→ EXERCISE REQUIREMENTS
For the records below, please print exactly and only the lines from the one with "When you first" down to the one with "The best approach", both ends included, omitting the pictures.

→ SUPPLIED RECORDS
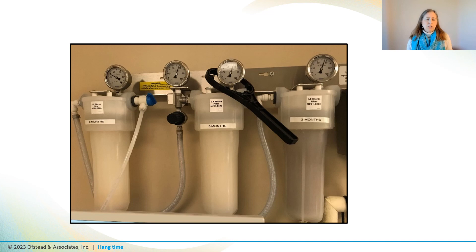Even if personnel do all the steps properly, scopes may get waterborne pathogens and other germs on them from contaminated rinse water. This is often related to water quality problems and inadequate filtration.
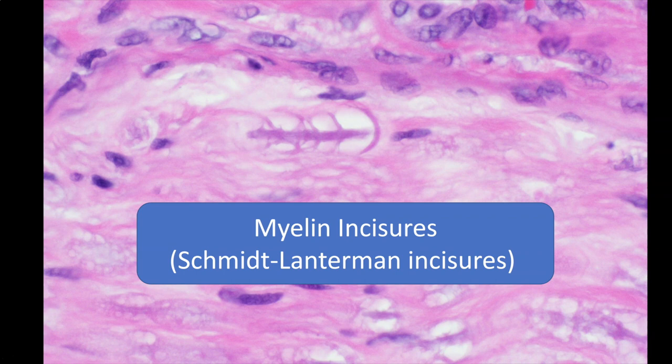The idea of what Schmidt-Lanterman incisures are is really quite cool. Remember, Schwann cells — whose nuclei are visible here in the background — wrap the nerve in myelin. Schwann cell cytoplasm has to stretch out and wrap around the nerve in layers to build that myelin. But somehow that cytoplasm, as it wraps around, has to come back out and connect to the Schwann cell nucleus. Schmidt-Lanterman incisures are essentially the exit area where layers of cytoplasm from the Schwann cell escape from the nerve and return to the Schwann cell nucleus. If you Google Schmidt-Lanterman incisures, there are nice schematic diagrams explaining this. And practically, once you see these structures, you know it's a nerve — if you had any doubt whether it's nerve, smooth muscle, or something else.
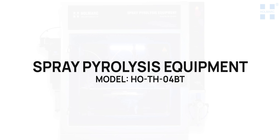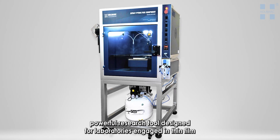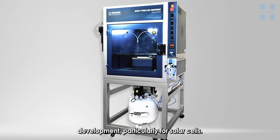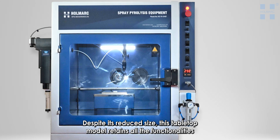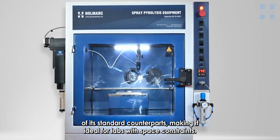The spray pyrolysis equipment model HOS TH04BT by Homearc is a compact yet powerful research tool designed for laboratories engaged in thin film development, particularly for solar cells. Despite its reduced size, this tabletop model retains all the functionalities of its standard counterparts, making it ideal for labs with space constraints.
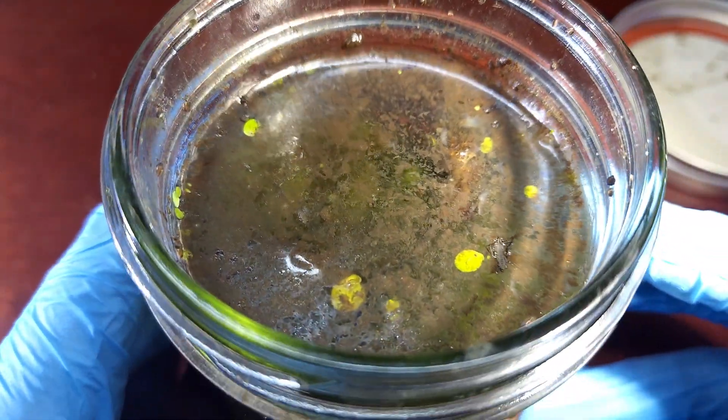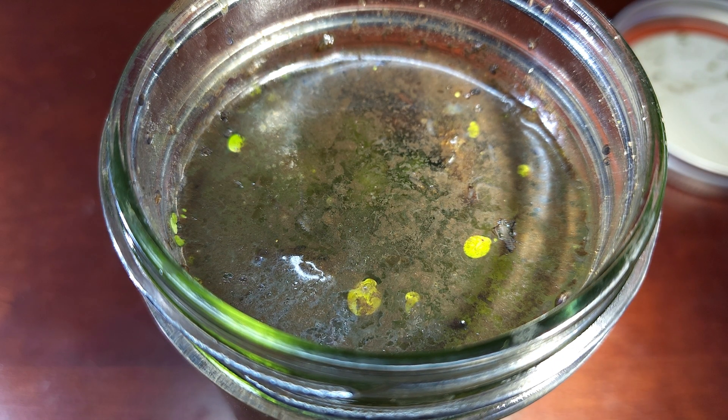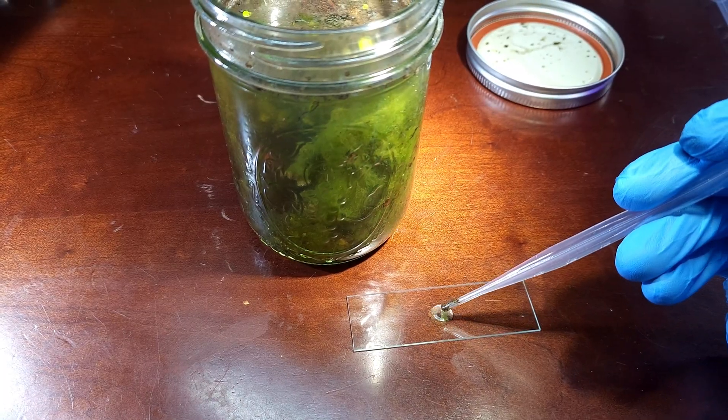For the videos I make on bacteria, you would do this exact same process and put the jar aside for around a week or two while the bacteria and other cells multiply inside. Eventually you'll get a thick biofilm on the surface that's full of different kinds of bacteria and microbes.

* * *

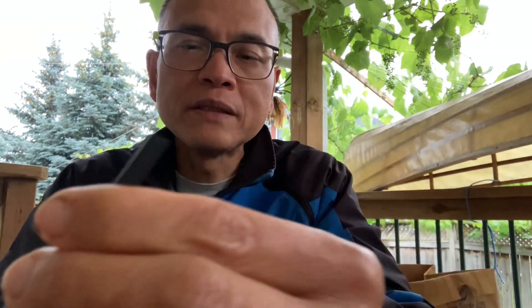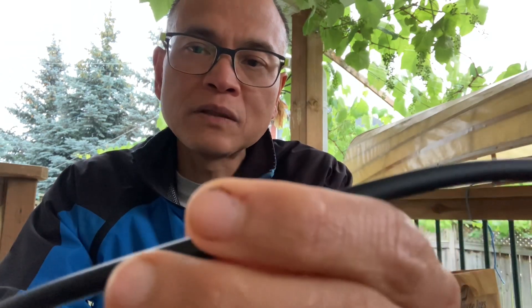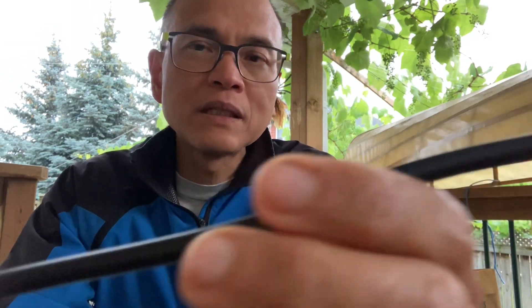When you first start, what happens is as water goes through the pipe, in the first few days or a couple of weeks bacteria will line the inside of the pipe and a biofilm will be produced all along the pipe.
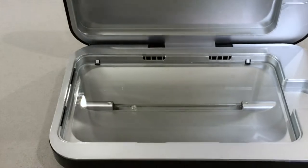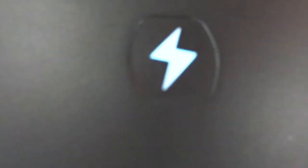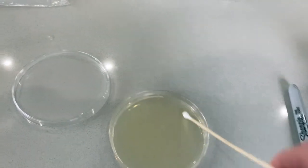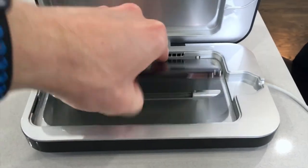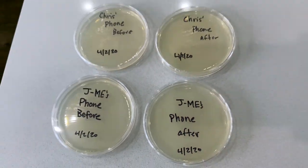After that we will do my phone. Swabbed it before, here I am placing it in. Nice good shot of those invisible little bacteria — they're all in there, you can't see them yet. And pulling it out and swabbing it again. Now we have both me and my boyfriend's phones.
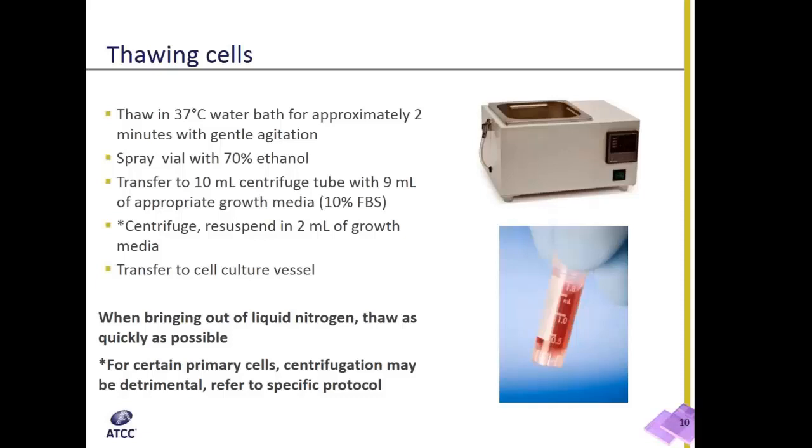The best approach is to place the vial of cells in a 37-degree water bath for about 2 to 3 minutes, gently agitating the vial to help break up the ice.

--

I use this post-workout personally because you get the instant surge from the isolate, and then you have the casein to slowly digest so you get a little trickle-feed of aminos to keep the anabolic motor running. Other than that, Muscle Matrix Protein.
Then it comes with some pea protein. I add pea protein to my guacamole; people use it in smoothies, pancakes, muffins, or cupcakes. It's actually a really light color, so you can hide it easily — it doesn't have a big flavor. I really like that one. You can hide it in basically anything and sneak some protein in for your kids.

→ ANSWER TO THE PROBLEM
When you first start, what happens is as water goes through the pipe, in the first few days or a couple of weeks bacteria will line the inside of the pipe and a biofilm will be produced all along the pipe.
After that we will do my phone. Swabbed it before, here I am placing it in. Nice good shot of those invisible little bacteria — they're all in there, you can't see them yet. And pulling it out and swabbing it again. Now we have both me and my boyfriend's phones.
The best approach is to place the vial of cells in a 37-degree water bath for about 2 to 3 minutes, gently agitating the vial to help break up the ice.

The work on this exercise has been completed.